In the records below, find the line with "Позитронно-эмиссионная томография с" and repeat it and every line after it, exactly, without any pictures.

[Items from a dataset]
▶

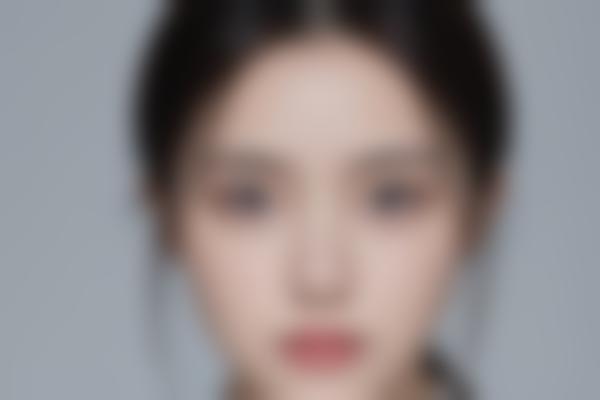 提臀手术怎么样？了解手术方式、与注意事项
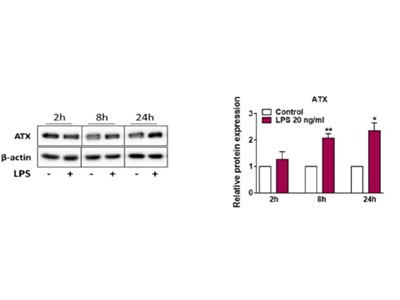 Great Antibody for Detection of Autotaxin Expression via Immunoblotting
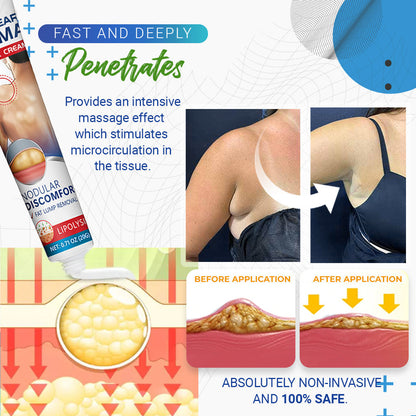 ⏰Last Day Promotion: 60% OFF🔥Cvreoz® Lipoma Removal Cream
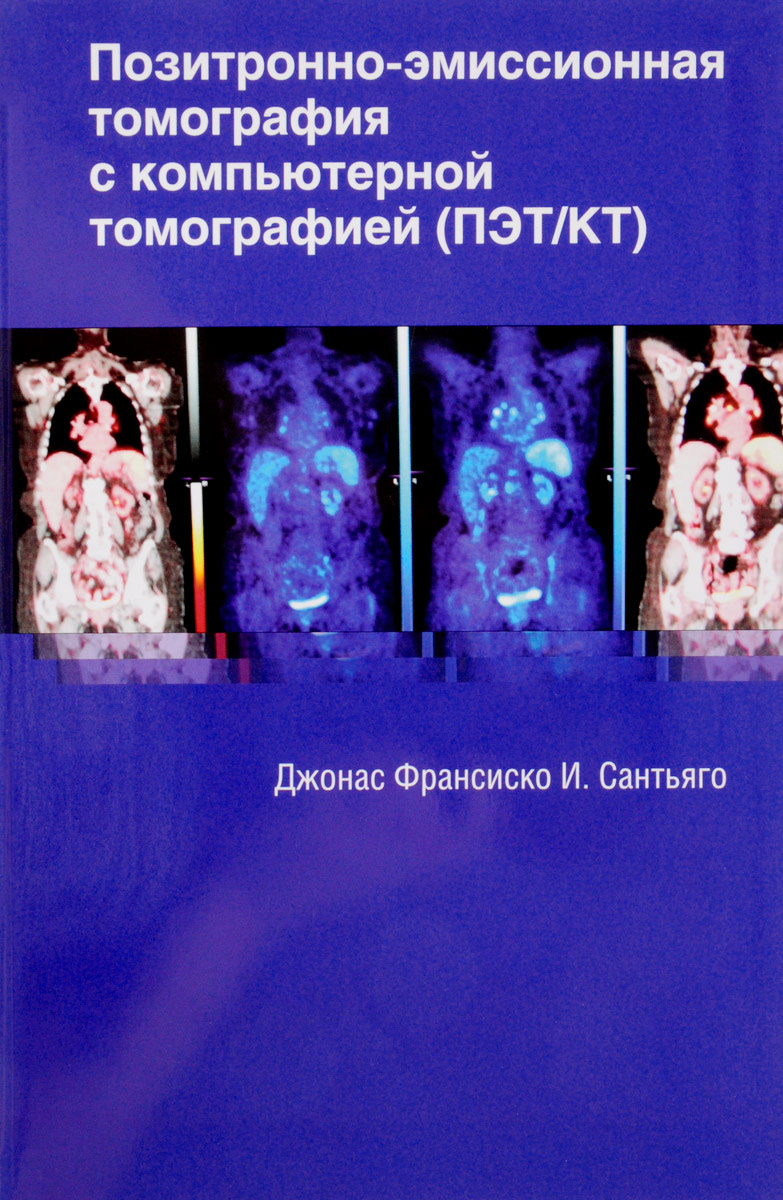 Позитронно-эмиссионная томография с компьютерной томографией. Джонас Франсиско И. Сантьяго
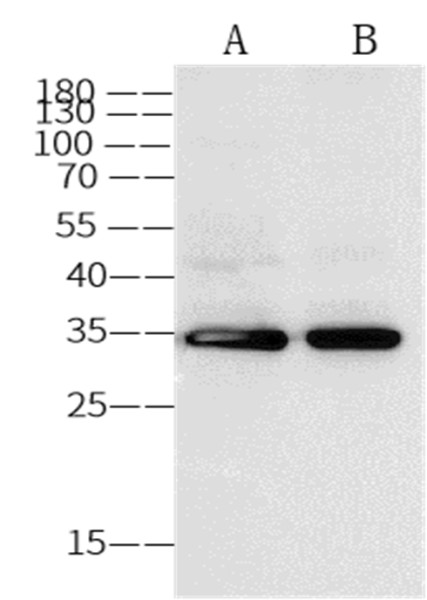 Anti-Annexin V/ANXA5 Monoclonal Antibody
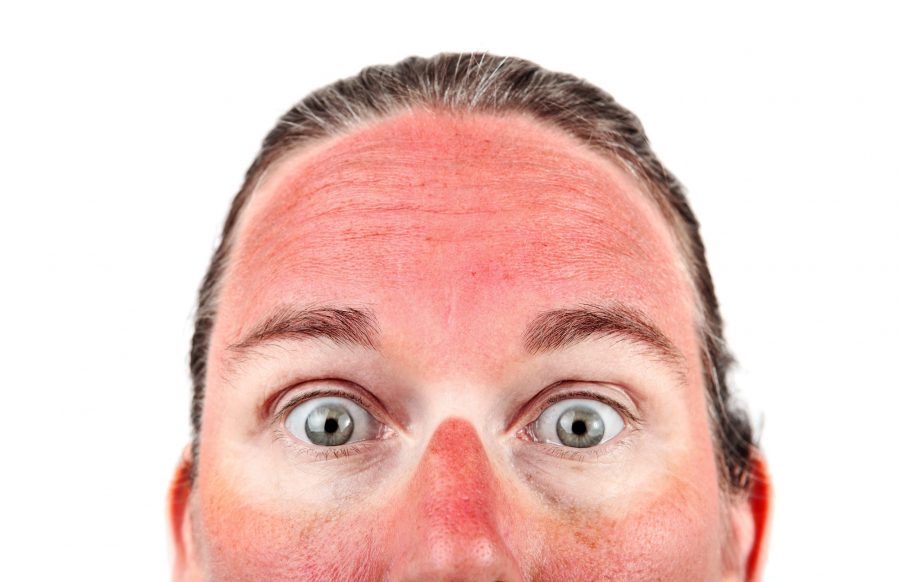 sun-burnt-face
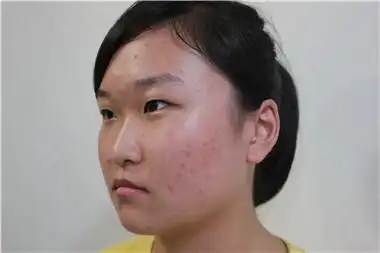 侧面看,鼻子真的好塌啊,而且我的鼻孔!怎么可以长成这样?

◀

_Solution_
 Позитронно-эмиссионная томография с компьютерной томографией. Джонас Франсиско И. Сантьяго
 Anti-Annexin V/ANXA5 Monoclonal Antibody
 sun-burnt-face
 侧面看,鼻子真的好塌啊,而且我的鼻孔!怎么可以长成这样?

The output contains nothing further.